TASK DETAILS: Pictures are to be omitted. Output only the lines from the one containing "Oyo 16988 Hotel White Orchid" through the end of the data, word for word.

INFORMATION SUPPLIED:
- - - -

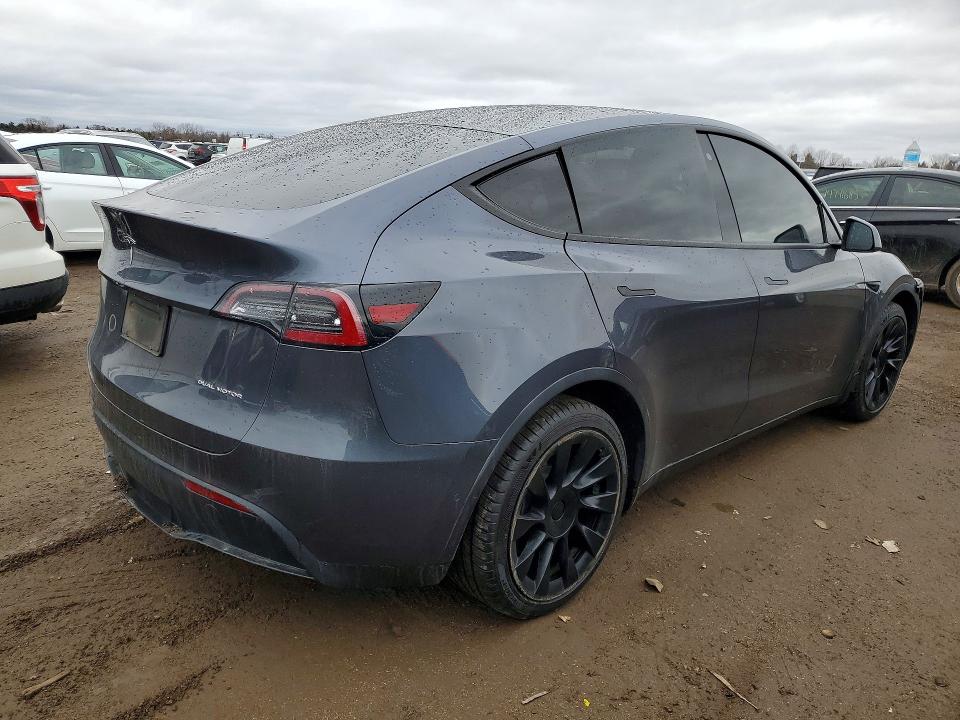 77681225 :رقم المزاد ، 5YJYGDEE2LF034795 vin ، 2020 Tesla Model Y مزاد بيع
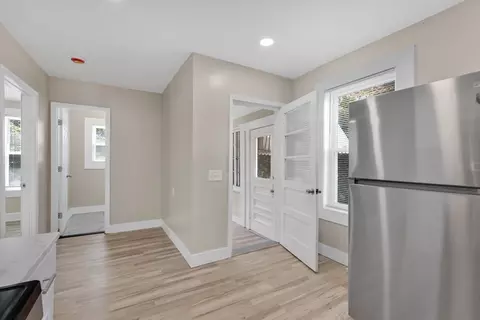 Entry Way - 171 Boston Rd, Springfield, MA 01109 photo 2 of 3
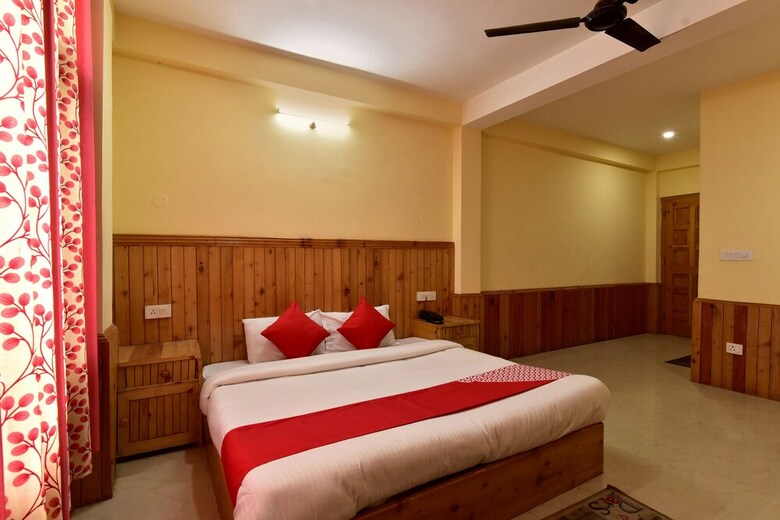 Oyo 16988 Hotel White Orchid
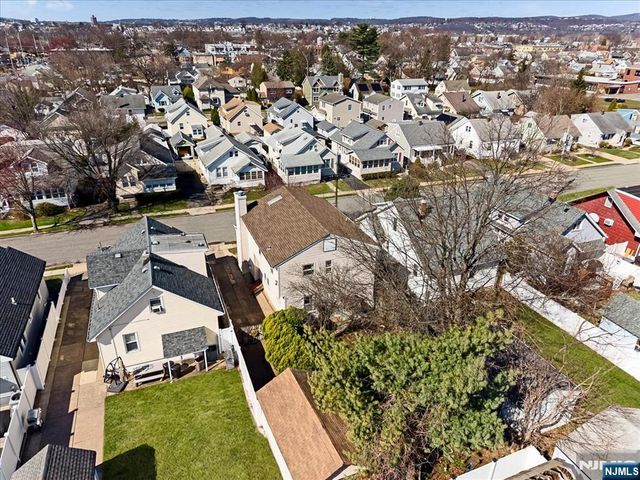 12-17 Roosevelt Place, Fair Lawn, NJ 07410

- - - -

EXPECTED ANSWER:
 Oyo 16988 Hotel White Orchid
 12-17 Roosevelt Place, Fair Lawn, NJ 07410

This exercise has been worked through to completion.